▶ WHAT YOU HAVE TO DO: The answer should hold only the lines from the beginning of the material through the one with "A plane flying over a snow pack", reproduced exactly and without pictures.

[Start of section]

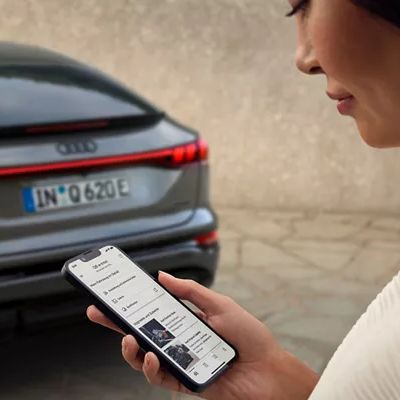 Frau schaut auf das Display ihres Mobiltelefons, im Hintergrund ist ein Audi zu sehen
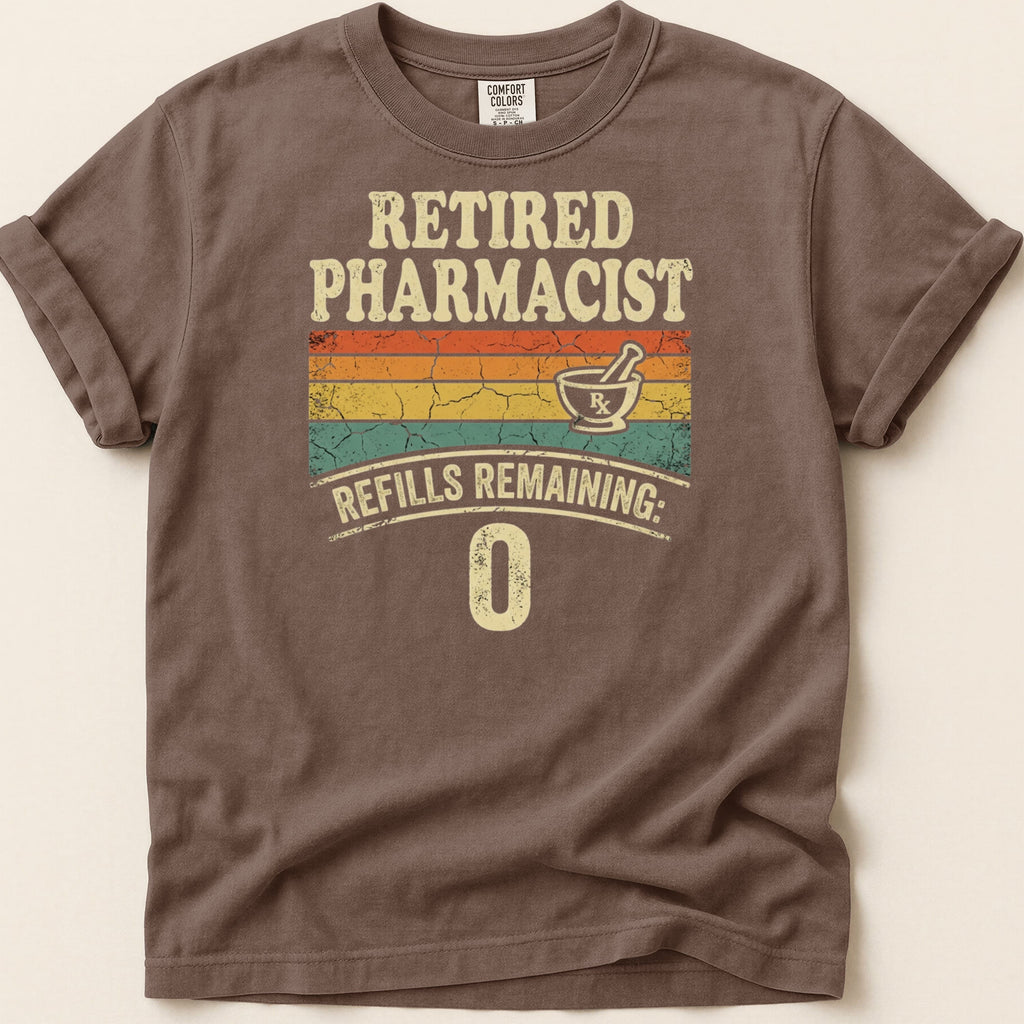 Retired Pharmacist text with refills remaining: 0, on a brown t-shirt.
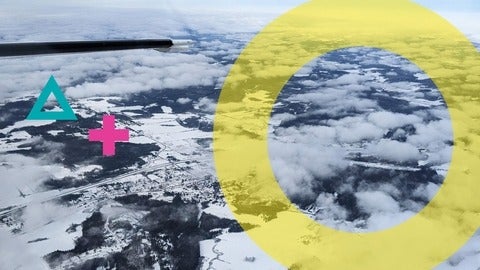 A plane flying over a snow pack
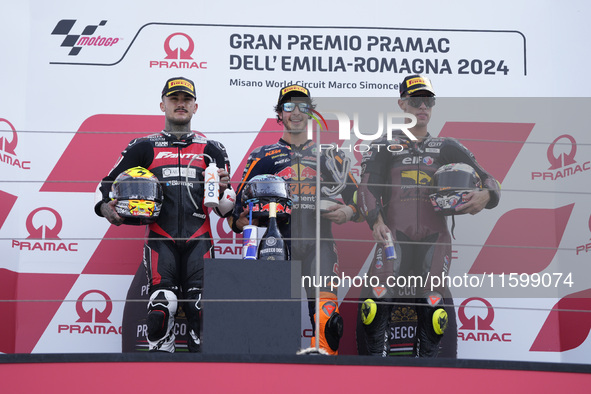 Aron Canet of Spain and Fantic Racing (L), Celestino Vietti of Italy and Red Bull KTM Ajo (C), and Tony Arbolino of Italy and ELF Marc VDS R...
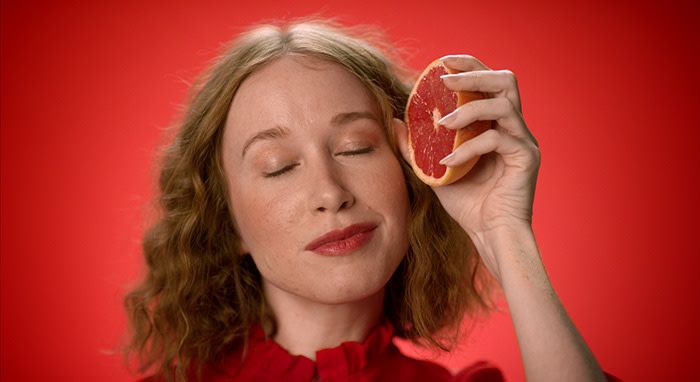 A close up shot of a woman holding a grapefruit up to her face with her eyes closed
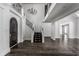Elegant two-story entryway featuring a dark hardwood floor, a grand staircase, and a crystal chandelier at 11091 Crooked Stick Ln, Carmel, IN 46032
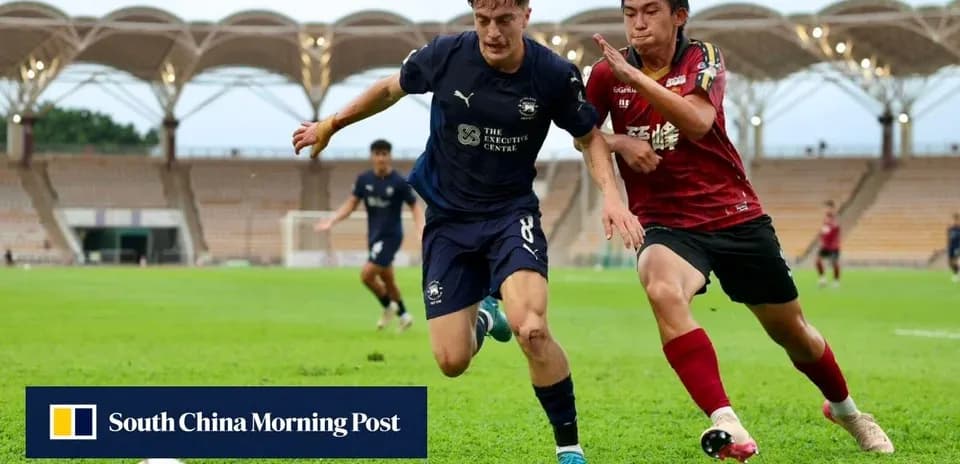 Joueur en bleu dribblant sous pression d'un adversaire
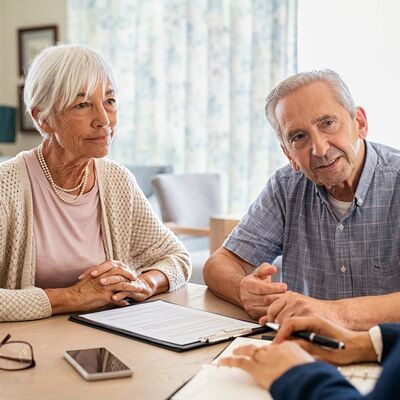 Ein Mann und eine Frau sprechen mit einer anderen Frau &uuml;ber Geld. 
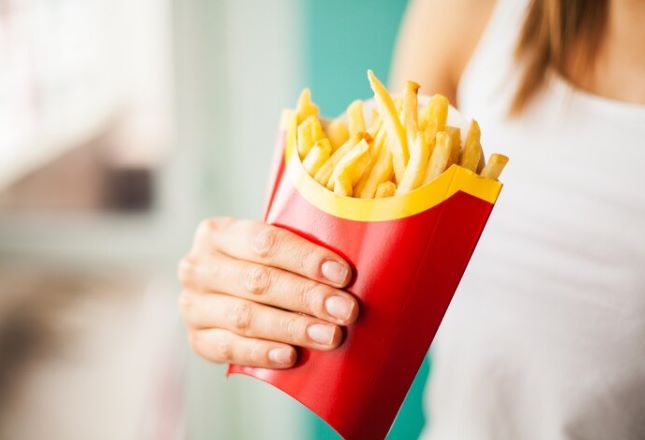 Pessoa segura porção de batatas fritas
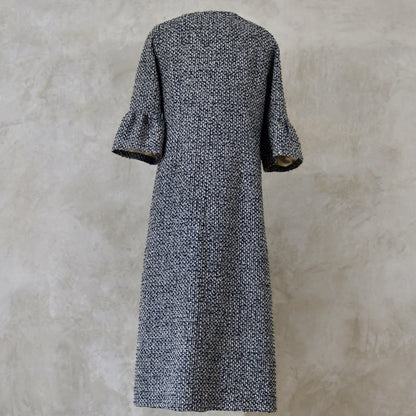 A Longer length Bell Sleeve A-Line Coat in Black and OffWhite Linton Tweeds Boucle
This is an elegant longer length A-Line coat in a patterned boucle from Carlisle. With a magnificent drape and delicate sleeve and shoulder detailing, this coat will take you everywhere. Handmade in Britain. Back View.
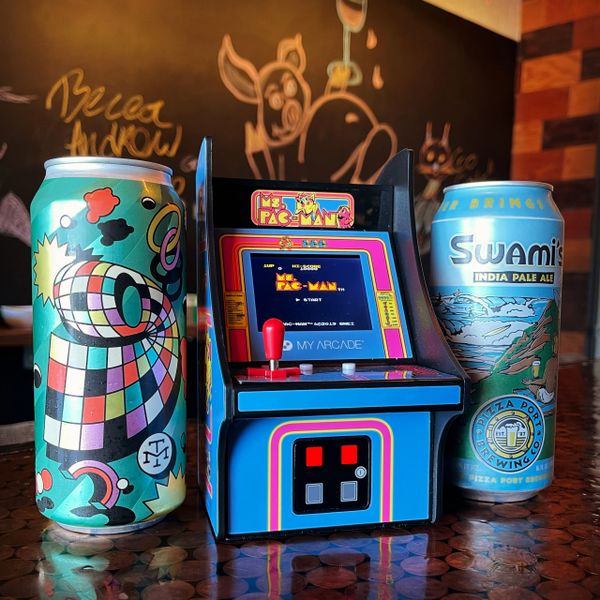 Miniature classic arcade game between two cans of beer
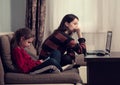 Happy woman working at home on computer and cute kid studing in mobile phone. Family sitting on sofa together near each other. Royalty Free Stock Photo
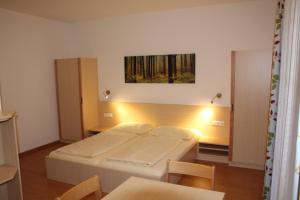 A bed or beds in a room at Jugendgästehaus St. Gilgen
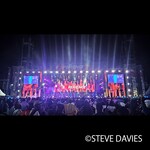 Tampilan  luas The Experience 2025 di Lagos, Nigeria, yang menampilkan  panggung  outdoor besar dengan pencahayaan dan layar video, di hadapan  ribuan jemaat  dalam acara musik gospel tahunan tersebut.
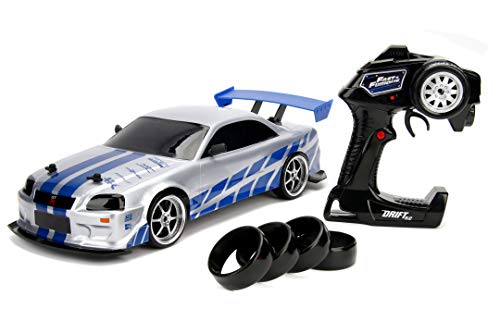 Jada Toys Fast & Furious RC Nissan Skyline GTR R34 - Coche teledirigido con Mando a Distancia, tracción a Las 4 Ruedas, función de Carga USB, Escala 1:10, Color Azul y Plateado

[End of section]

▶ ANSWER SECTION:
 Frau schaut auf das Display ihres Mobiltelefons, im Hintergrund ist ein Audi zu sehen
 Retired Pharmacist text with refills remaining: 0, on a brown t-shirt.
 A plane flying over a snow pack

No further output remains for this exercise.